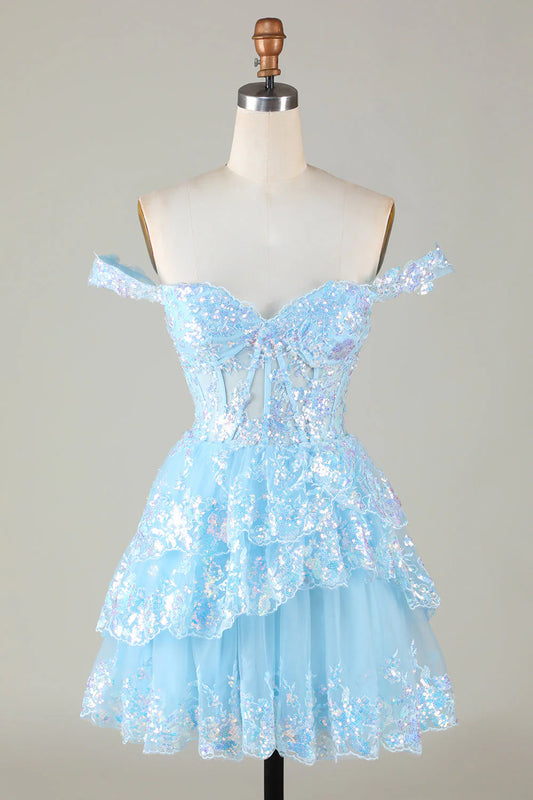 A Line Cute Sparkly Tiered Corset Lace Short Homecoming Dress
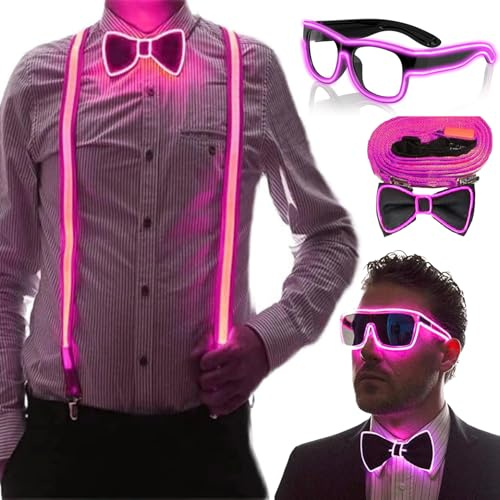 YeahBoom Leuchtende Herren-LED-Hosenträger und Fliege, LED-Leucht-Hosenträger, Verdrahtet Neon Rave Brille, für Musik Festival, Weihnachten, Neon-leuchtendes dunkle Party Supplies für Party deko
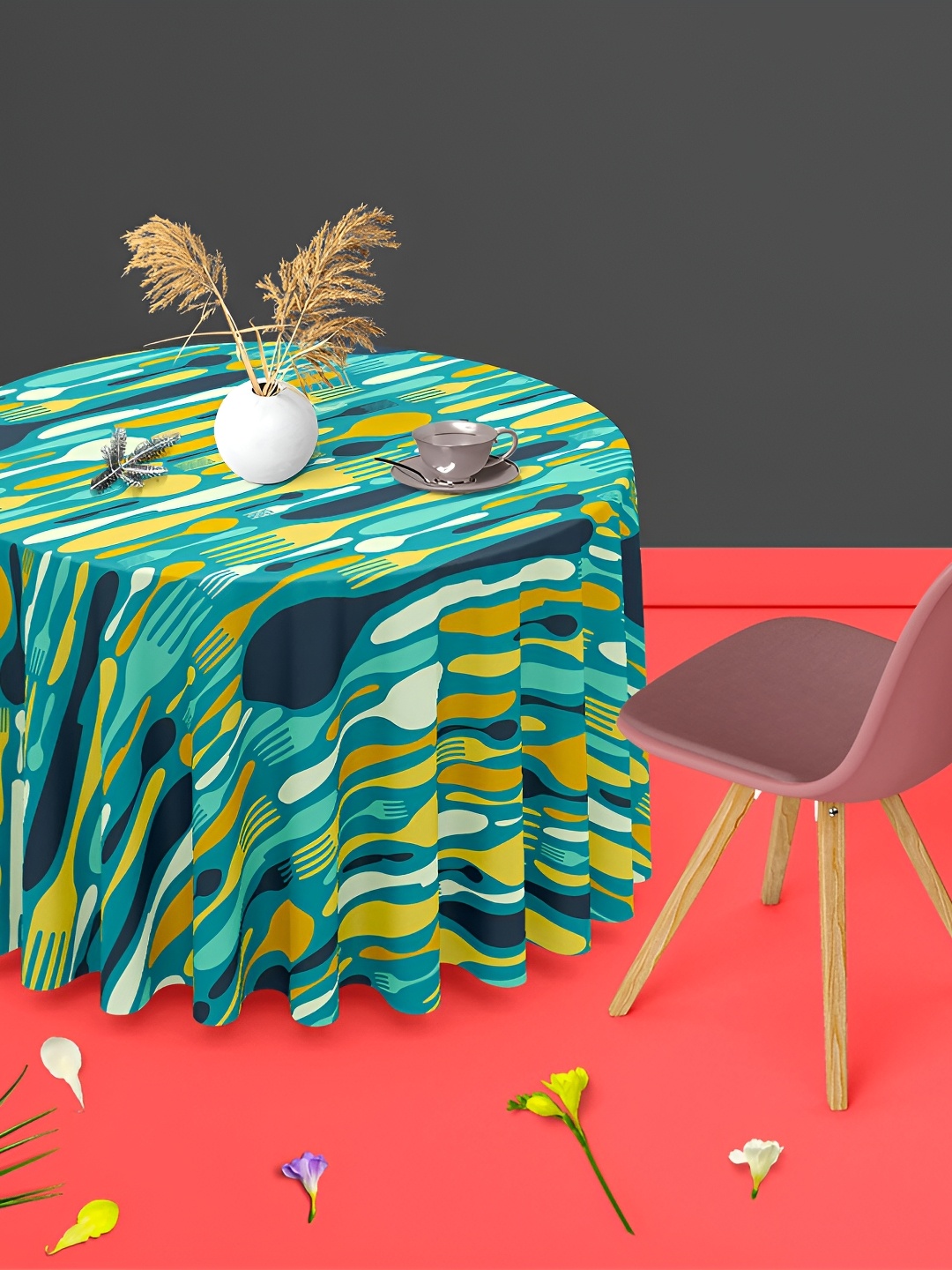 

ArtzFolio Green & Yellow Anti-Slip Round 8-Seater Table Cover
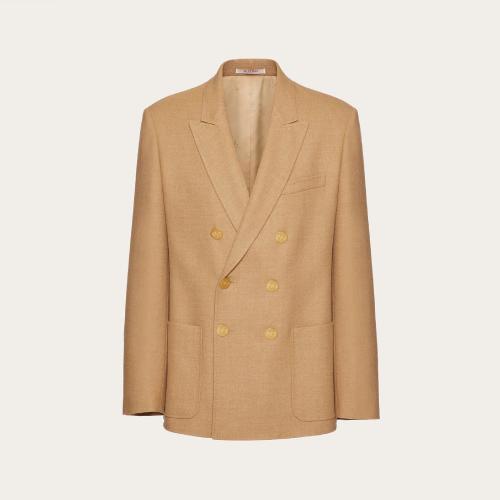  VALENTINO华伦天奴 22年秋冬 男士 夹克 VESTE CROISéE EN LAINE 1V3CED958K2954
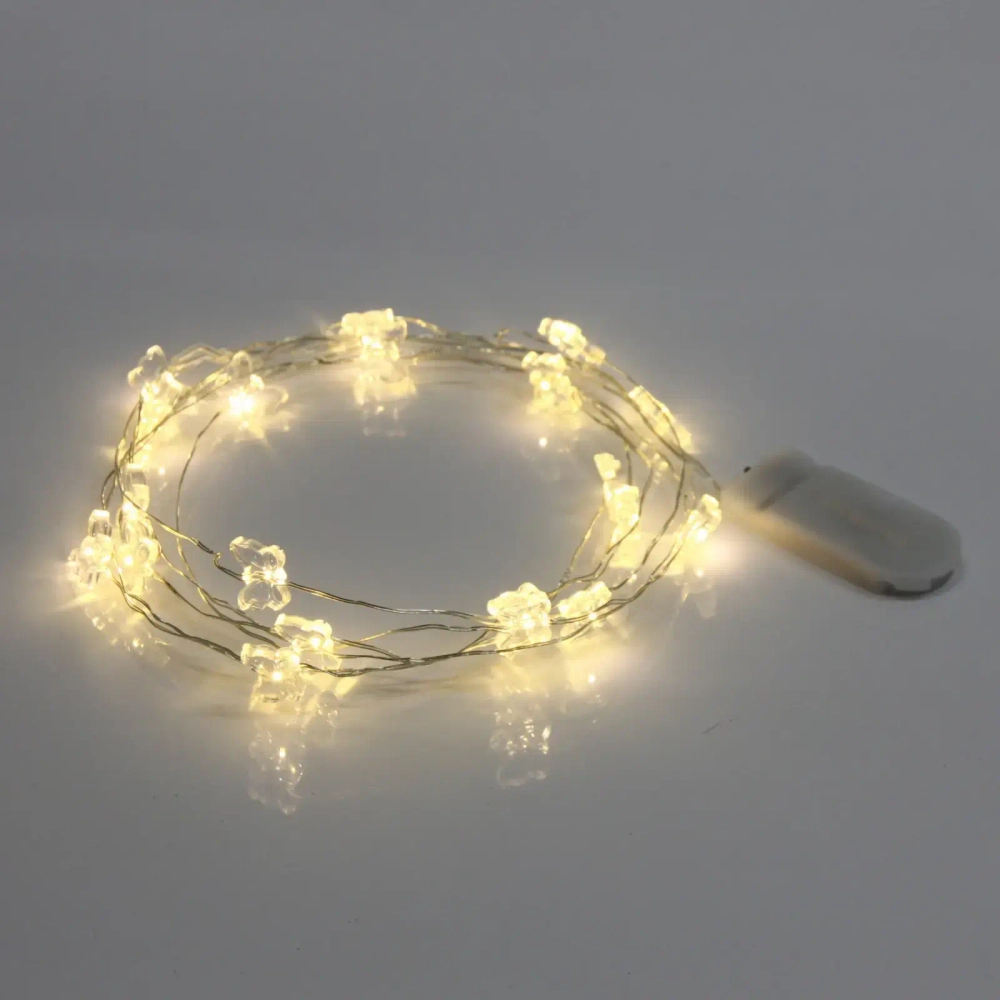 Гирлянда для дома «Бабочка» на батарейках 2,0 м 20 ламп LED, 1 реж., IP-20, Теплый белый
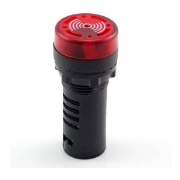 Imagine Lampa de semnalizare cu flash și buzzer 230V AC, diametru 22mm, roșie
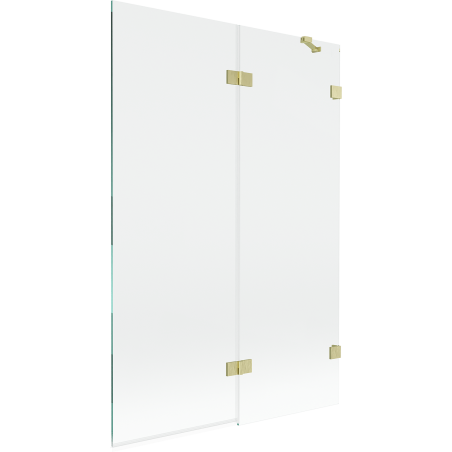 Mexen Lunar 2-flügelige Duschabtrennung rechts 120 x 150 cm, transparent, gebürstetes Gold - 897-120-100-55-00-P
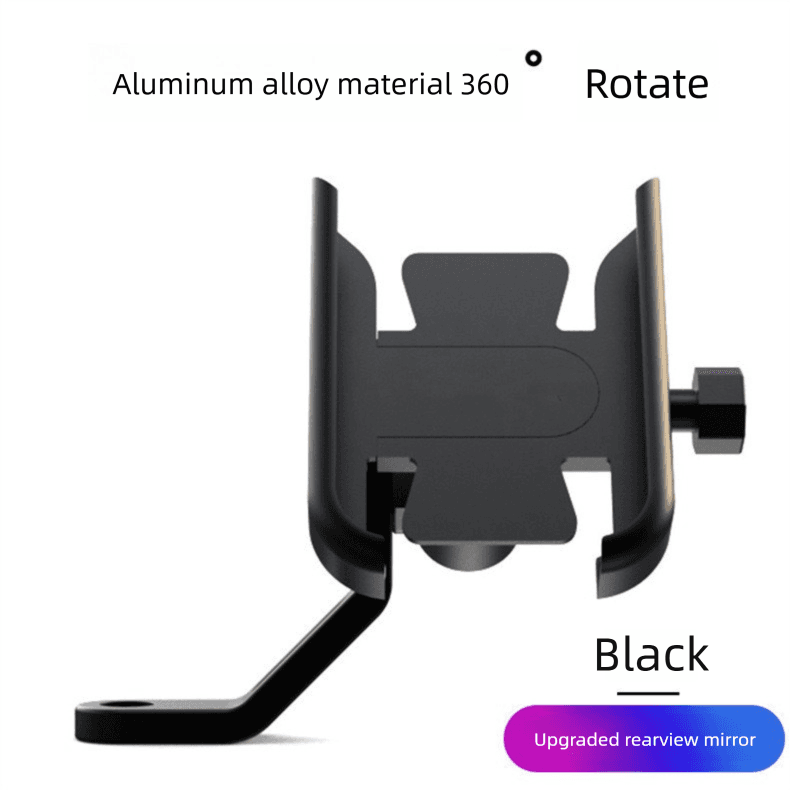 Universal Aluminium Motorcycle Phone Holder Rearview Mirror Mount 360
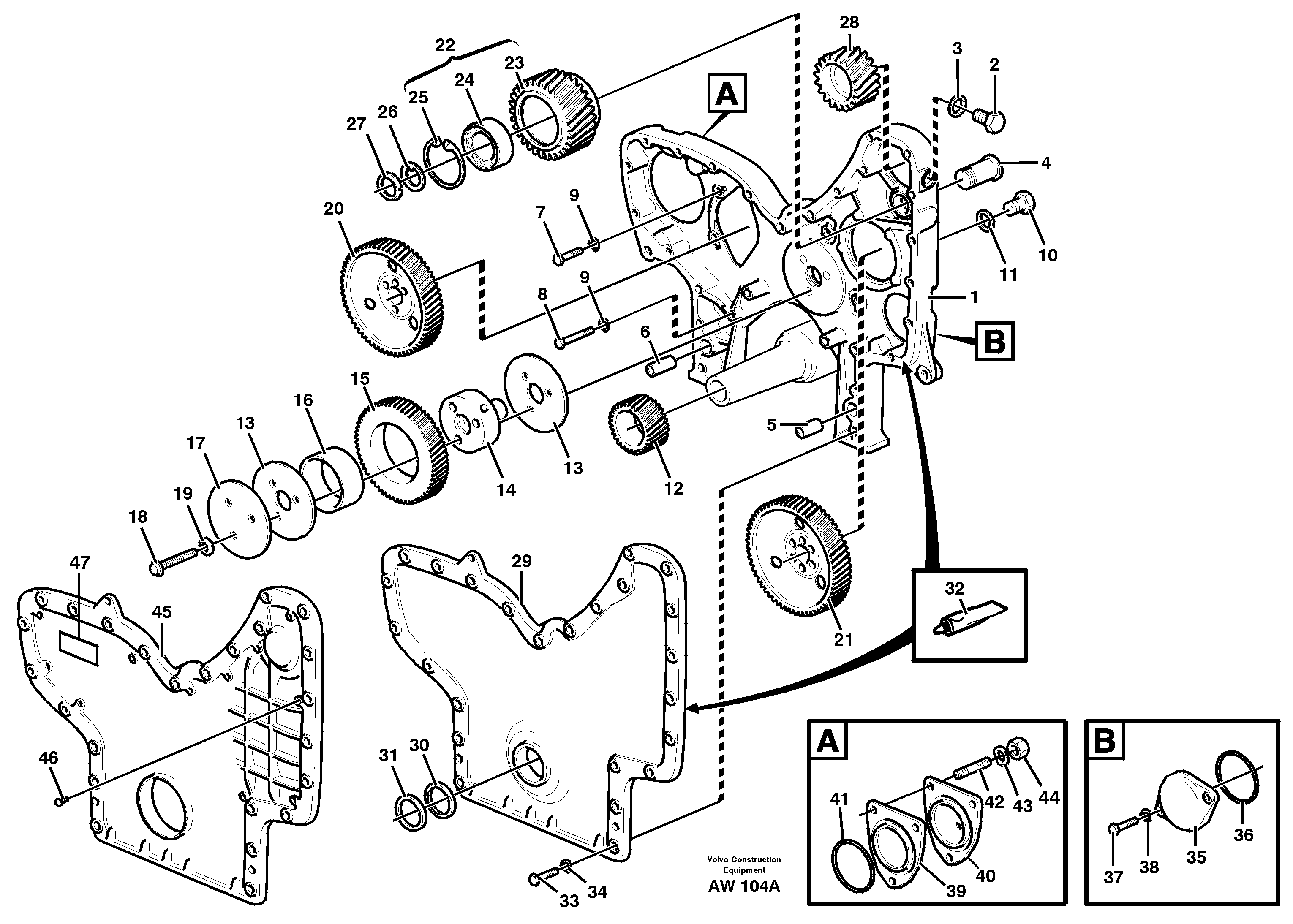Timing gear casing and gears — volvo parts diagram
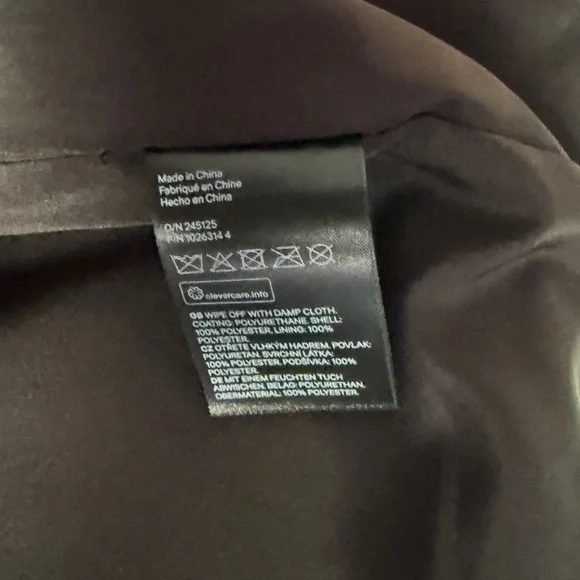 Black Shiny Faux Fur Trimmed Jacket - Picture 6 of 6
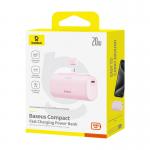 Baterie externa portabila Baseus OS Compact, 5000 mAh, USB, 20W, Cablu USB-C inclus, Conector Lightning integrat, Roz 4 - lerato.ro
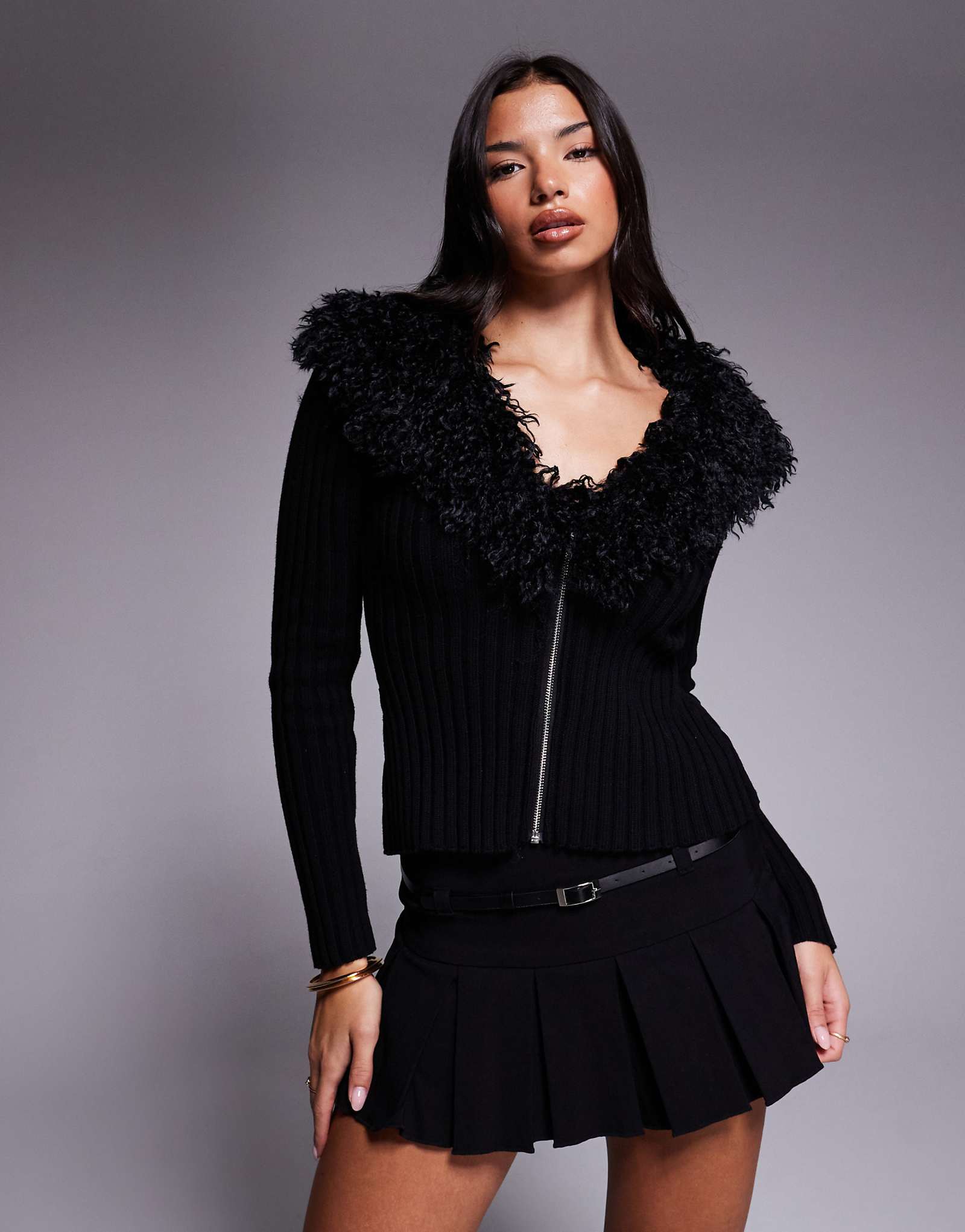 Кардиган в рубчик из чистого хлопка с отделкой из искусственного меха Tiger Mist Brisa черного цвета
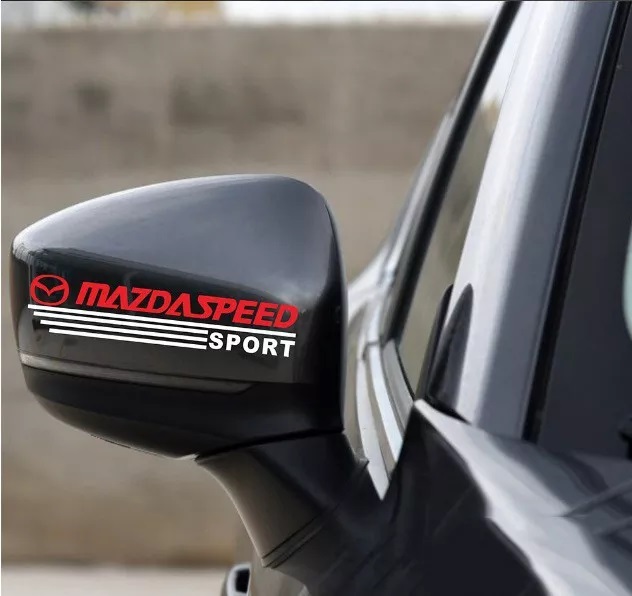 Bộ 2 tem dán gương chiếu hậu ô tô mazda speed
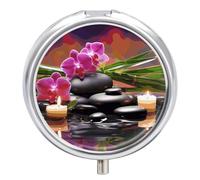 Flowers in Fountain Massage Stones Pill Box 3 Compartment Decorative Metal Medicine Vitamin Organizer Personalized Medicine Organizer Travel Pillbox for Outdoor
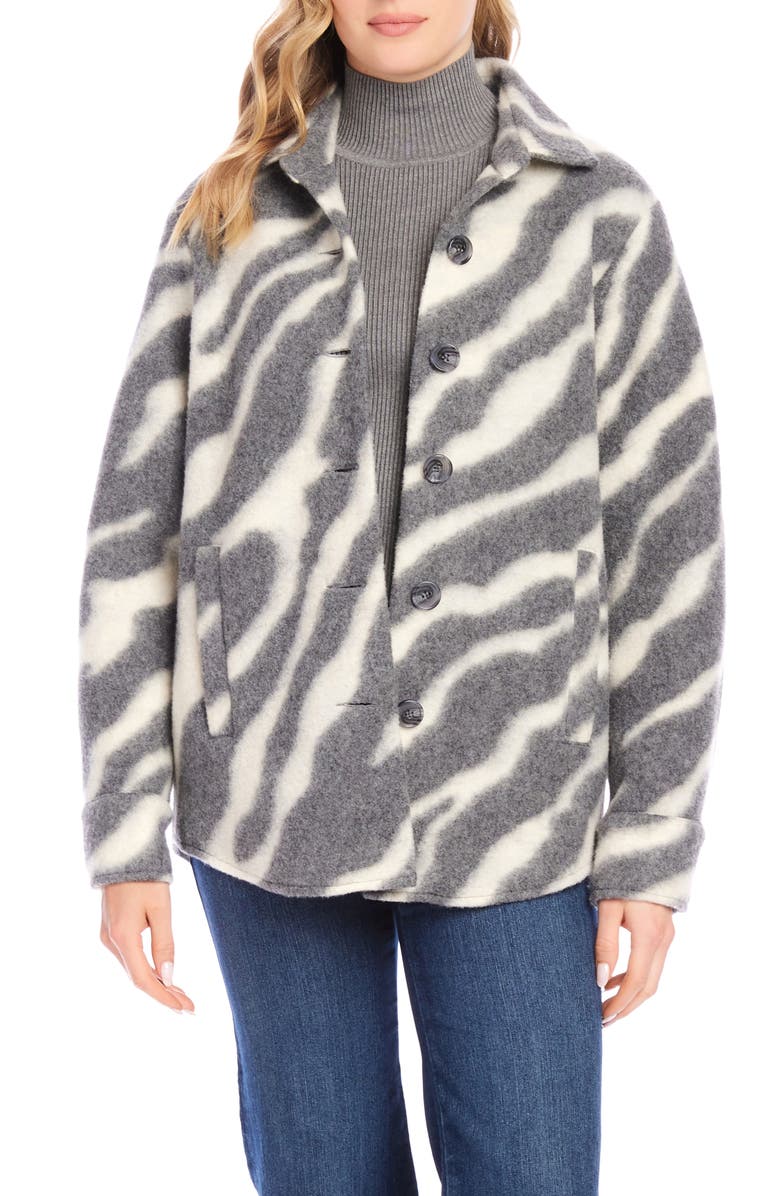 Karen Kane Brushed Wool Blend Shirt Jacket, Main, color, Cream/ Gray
-*-
### EXERCISE REQUIREMENTS
Print every line of the material exactly as written, but drop the pictures.

### RESULT FOR THIS TASK
 A Line Cute Sparkly Tiered Corset Lace Short Homecoming Dress
 YeahBoom Leuchtende Herren-LED-Hosenträger und Fliege, LED-Leucht-Hosenträger, Verdrahtet Neon Rave Brille, für Musik Festival, Weihnachten, Neon-leuchtendes dunkle Party Supplies für Party deko

ArtzFolio Green & Yellow Anti-Slip Round 8-Seater Table Cover
  VALENTINO华伦天奴 22年秋冬 男士 夹克 VESTE CROISéE EN LAINE 1V3CED958K2954
 Гирлянда для дома «Бабочка» на батарейках 2,0 м 20 ламп LED, 1 реж., IP-20, Теплый белый
 Imagine Lampa de semnalizare cu flash și buzzer 230V AC, diametru 22mm, roșie
 Mexen Lunar 2-flügelige Duschabtrennung rechts 120 x 150 cm, transparent, gebürstetes Gold - 897-120-100-55-00-P
 Universal Aluminium Motorcycle Phone Holder Rearview Mirror Mount 360
Timing gear casing and gears — volvo parts diagram
 Black Shiny Faux Fur Trimmed Jacket - Picture 6 of 6
 Baterie externa portabila Baseus OS Compact, 5000 mAh, USB, 20W, Cablu USB-C inclus, Conector Lightning integrat, Roz 4 - lerato.ro
 Кардиган в рубчик из чистого хлопка с отделкой из искусственного меха Tiger Mist Brisa черного цвета
 Bộ 2 tem dán gương chiếu hậu ô tô mazda speed
 Flowers in Fountain Massage Stones Pill Box 3 Compartment Decorative Metal Medicine Vitamin Organizer Personalized Medicine Organizer Travel Pillbox for Outdoor
 Karen Kane Brushed Wool Blend Shirt Jacket, Main, color, Cream/ Gray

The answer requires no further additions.